◆ **Your task**:
In the records below, find the line containing "Pomeranian Puppy, farm video". Output it and every line after it to the end, unchanged, with no pictures.

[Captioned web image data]
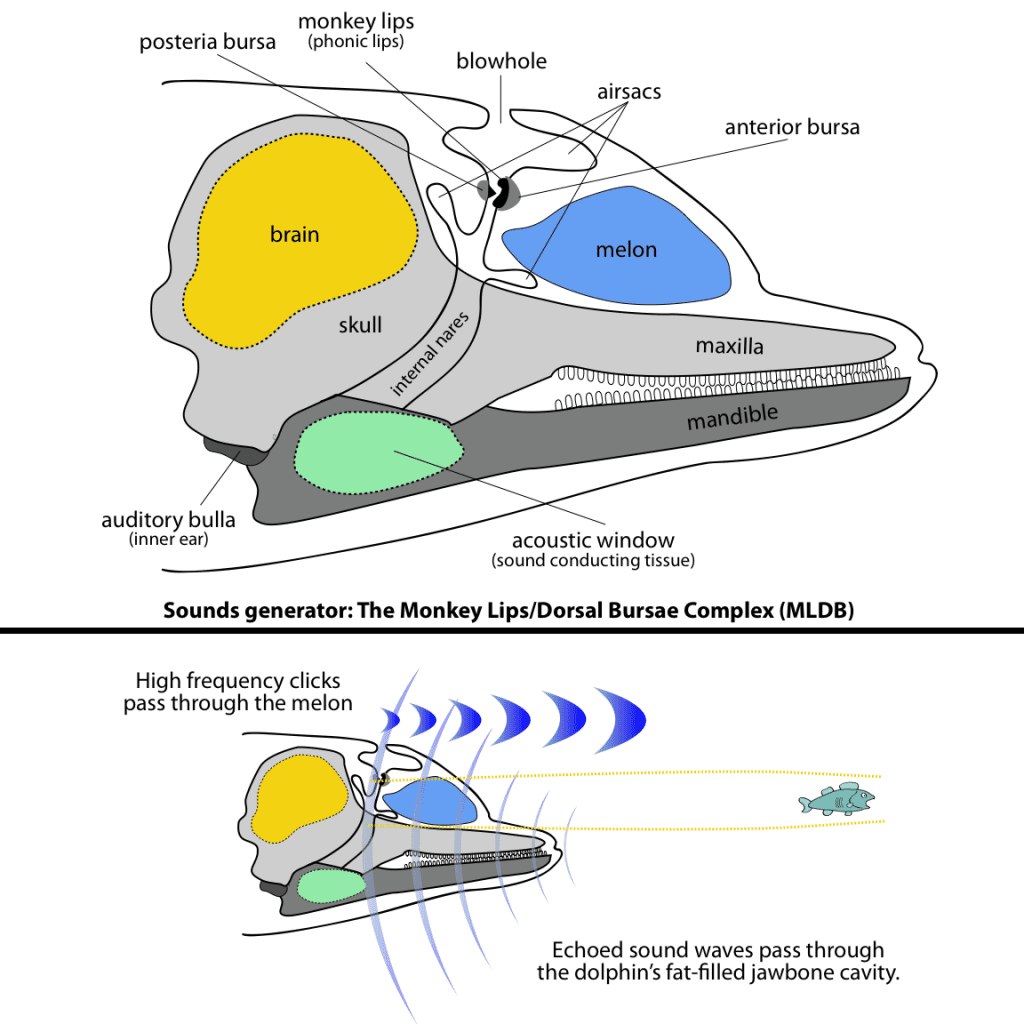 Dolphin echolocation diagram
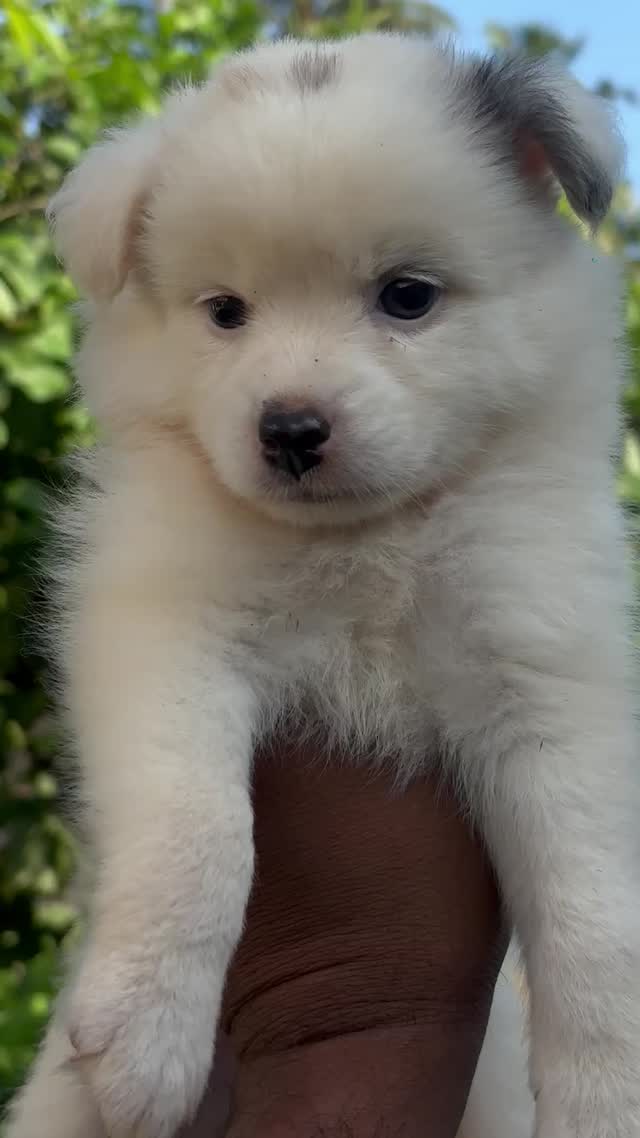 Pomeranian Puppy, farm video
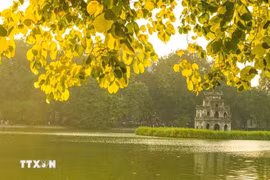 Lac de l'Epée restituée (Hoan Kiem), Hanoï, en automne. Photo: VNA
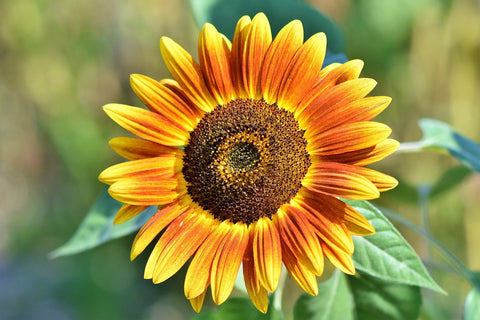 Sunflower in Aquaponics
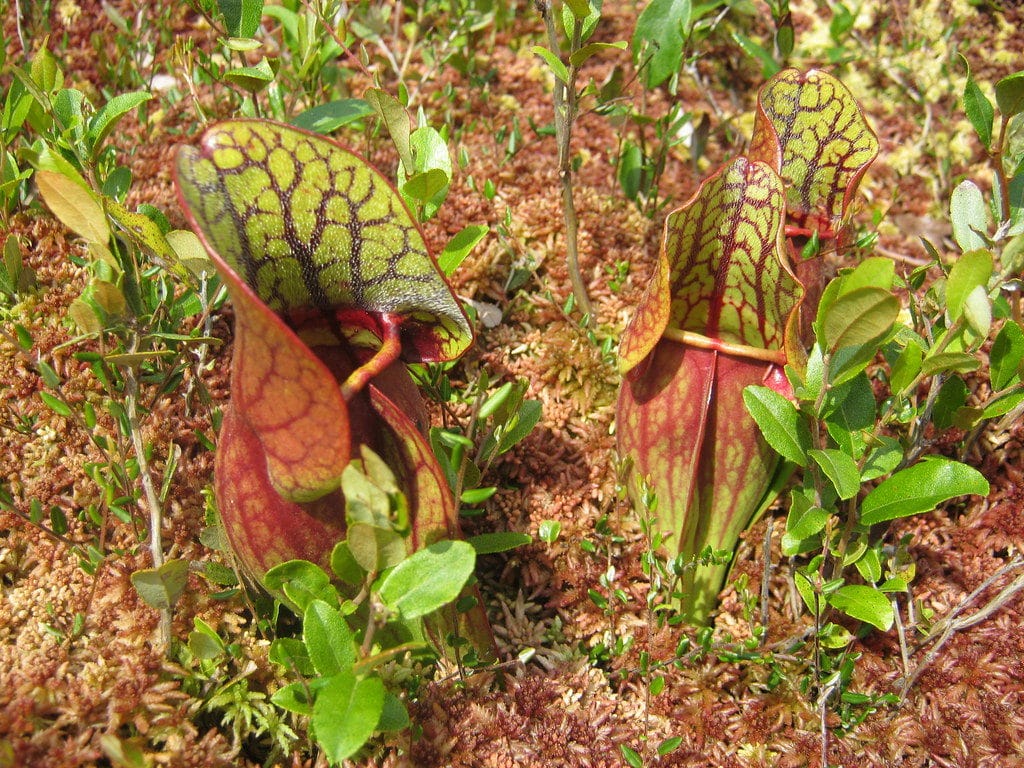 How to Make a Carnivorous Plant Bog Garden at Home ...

◆ **Expected answer**:
 Pomeranian Puppy, farm video
 Lac de l'Epée restituée (Hoan Kiem), Hanoï, en automne. Photo: VNA
 Sunflower in Aquaponics
 How to Make a Carnivorous Plant Bog Garden at Home ...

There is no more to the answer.